## WHAT IS REQUIRED
When the line with "Volkswagen Polo GTI" appears below, start repeating lines exactly, and keep going through the line with "6303 Sandbelt Dr, Woodridge, IL"; add nothing outside that span.

## DATA
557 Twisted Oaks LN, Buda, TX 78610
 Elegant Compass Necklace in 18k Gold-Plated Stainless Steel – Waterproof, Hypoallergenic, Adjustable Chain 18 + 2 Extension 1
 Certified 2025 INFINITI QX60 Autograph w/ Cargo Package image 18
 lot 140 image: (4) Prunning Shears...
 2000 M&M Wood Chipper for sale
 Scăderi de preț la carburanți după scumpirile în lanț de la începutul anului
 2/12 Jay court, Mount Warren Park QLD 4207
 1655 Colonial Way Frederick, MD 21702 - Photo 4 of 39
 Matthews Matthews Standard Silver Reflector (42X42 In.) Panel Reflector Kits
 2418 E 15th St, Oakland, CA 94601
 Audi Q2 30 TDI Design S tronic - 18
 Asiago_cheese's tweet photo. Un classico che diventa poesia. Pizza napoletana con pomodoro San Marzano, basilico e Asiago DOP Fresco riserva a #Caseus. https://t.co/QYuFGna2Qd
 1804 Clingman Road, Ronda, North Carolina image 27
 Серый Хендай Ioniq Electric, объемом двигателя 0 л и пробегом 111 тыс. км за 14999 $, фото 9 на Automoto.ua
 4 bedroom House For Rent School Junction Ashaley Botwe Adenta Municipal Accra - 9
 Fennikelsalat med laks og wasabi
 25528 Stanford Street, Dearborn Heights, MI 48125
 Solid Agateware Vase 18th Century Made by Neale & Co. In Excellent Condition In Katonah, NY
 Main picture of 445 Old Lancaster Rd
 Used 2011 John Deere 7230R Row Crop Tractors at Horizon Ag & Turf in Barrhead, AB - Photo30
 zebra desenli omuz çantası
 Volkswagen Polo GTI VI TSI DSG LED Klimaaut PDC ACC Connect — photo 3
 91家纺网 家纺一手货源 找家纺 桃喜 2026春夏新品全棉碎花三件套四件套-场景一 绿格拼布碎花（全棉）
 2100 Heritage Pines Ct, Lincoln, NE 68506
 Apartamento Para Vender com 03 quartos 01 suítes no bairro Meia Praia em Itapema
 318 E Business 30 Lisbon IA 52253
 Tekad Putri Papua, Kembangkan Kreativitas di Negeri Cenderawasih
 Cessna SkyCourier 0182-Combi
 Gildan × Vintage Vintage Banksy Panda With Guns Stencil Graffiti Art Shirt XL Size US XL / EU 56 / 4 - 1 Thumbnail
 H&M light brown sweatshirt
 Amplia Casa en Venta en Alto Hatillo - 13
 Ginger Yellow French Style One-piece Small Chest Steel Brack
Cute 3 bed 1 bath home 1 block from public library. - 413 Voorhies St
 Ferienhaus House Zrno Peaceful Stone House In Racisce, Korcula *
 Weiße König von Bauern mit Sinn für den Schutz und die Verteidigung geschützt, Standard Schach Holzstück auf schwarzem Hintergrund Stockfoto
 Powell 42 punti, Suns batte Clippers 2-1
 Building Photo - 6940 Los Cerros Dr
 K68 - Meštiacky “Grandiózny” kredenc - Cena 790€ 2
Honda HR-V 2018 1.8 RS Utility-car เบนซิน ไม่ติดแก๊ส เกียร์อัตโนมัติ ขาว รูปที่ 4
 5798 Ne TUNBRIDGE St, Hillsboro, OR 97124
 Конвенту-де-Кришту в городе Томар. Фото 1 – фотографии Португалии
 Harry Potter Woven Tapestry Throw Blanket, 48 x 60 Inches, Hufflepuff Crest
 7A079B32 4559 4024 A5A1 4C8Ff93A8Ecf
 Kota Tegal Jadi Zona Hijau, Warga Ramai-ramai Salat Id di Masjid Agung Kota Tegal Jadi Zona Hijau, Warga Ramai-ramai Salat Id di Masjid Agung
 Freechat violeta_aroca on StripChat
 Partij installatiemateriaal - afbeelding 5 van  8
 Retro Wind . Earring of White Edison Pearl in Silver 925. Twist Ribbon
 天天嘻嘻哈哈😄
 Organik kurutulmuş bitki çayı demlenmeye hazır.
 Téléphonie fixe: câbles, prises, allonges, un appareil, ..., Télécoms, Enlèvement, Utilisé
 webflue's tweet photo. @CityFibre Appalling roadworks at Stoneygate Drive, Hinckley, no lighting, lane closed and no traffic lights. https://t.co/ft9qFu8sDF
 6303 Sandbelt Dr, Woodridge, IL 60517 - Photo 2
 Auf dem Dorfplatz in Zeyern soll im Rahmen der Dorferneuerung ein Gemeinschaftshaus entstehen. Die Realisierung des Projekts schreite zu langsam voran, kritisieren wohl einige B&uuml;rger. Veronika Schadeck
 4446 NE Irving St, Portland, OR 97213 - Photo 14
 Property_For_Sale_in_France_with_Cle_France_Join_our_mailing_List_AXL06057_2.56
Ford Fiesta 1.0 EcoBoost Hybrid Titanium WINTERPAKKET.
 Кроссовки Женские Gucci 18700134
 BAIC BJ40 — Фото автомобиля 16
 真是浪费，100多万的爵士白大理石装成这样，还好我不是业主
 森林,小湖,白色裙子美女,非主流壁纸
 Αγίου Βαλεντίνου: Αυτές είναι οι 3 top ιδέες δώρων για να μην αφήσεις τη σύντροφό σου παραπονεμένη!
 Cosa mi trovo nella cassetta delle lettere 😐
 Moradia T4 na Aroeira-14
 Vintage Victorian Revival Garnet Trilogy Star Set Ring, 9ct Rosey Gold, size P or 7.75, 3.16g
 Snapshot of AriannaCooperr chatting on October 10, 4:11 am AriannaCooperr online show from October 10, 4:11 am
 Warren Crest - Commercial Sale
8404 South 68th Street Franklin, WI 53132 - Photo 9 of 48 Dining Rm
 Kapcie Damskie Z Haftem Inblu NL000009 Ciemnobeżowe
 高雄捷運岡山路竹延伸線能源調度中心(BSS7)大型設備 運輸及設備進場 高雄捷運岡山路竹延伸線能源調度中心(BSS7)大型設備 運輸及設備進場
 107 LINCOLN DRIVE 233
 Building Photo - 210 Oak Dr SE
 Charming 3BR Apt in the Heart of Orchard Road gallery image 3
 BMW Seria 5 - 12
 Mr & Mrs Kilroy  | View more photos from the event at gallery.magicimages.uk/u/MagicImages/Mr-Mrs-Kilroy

## RESPONSE TO THE EXERCISE
 Volkswagen Polo GTI VI TSI DSG LED Klimaaut PDC ACC Connect — photo 3
 91家纺网 家纺一手货源 找家纺 桃喜 2026春夏新品全棉碎花三件套四件套-场景一 绿格拼布碎花（全棉）
 2100 Heritage Pines Ct, Lincoln, NE 68506
 Apartamento Para Vender com 03 quartos 01 suítes no bairro Meia Praia em Itapema
 318 E Business 30 Lisbon IA 52253
 Tekad Putri Papua, Kembangkan Kreativitas di Negeri Cenderawasih
 Cessna SkyCourier 0182-Combi
 Gildan × Vintage Vintage Banksy Panda With Guns Stencil Graffiti Art Shirt XL Size US XL / EU 56 / 4 - 1 Thumbnail
 H&M light brown sweatshirt
 Amplia Casa en Venta en Alto Hatillo - 13
 Ginger Yellow French Style One-piece Small Chest Steel Brack
Cute 3 bed 1 bath home 1 block from public library. - 413 Voorhies St
 Ferienhaus House Zrno Peaceful Stone House In Racisce, Korcula *
 Weiße König von Bauern mit Sinn für den Schutz und die Verteidigung geschützt, Standard Schach Holzstück auf schwarzem Hintergrund Stockfoto
 Powell 42 punti, Suns batte Clippers 2-1
 Building Photo - 6940 Los Cerros Dr
 K68 - Meštiacky “Grandiózny” kredenc - Cena 790€ 2
Honda HR-V 2018 1.8 RS Utility-car เบนซิน ไม่ติดแก๊ส เกียร์อัตโนมัติ ขาว รูปที่ 4
 5798 Ne TUNBRIDGE St, Hillsboro, OR 97124
 Конвенту-де-Кришту в городе Томар. Фото 1 – фотографии Португалии
 Harry Potter Woven Tapestry Throw Blanket, 48 x 60 Inches, Hufflepuff Crest
 7A079B32 4559 4024 A5A1 4C8Ff93A8Ecf
 Kota Tegal Jadi Zona Hijau, Warga Ramai-ramai Salat Id di Masjid Agung Kota Tegal Jadi Zona Hijau, Warga Ramai-ramai Salat Id di Masjid Agung
 Freechat violeta_aroca on StripChat
 Partij installatiemateriaal - afbeelding 5 van  8
 Retro Wind . Earring of White Edison Pearl in Silver 925. Twist Ribbon
 天天嘻嘻哈哈😄
 Organik kurutulmuş bitki çayı demlenmeye hazır.
 Téléphonie fixe: câbles, prises, allonges, un appareil, ..., Télécoms, Enlèvement, Utilisé
 webflue's tweet photo. @CityFibre Appalling roadworks at Stoneygate Drive, Hinckley, no lighting, lane closed and no traffic lights. https://t.co/ft9qFu8sDF
 6303 Sandbelt Dr, Woodridge, IL 60517 - Photo 2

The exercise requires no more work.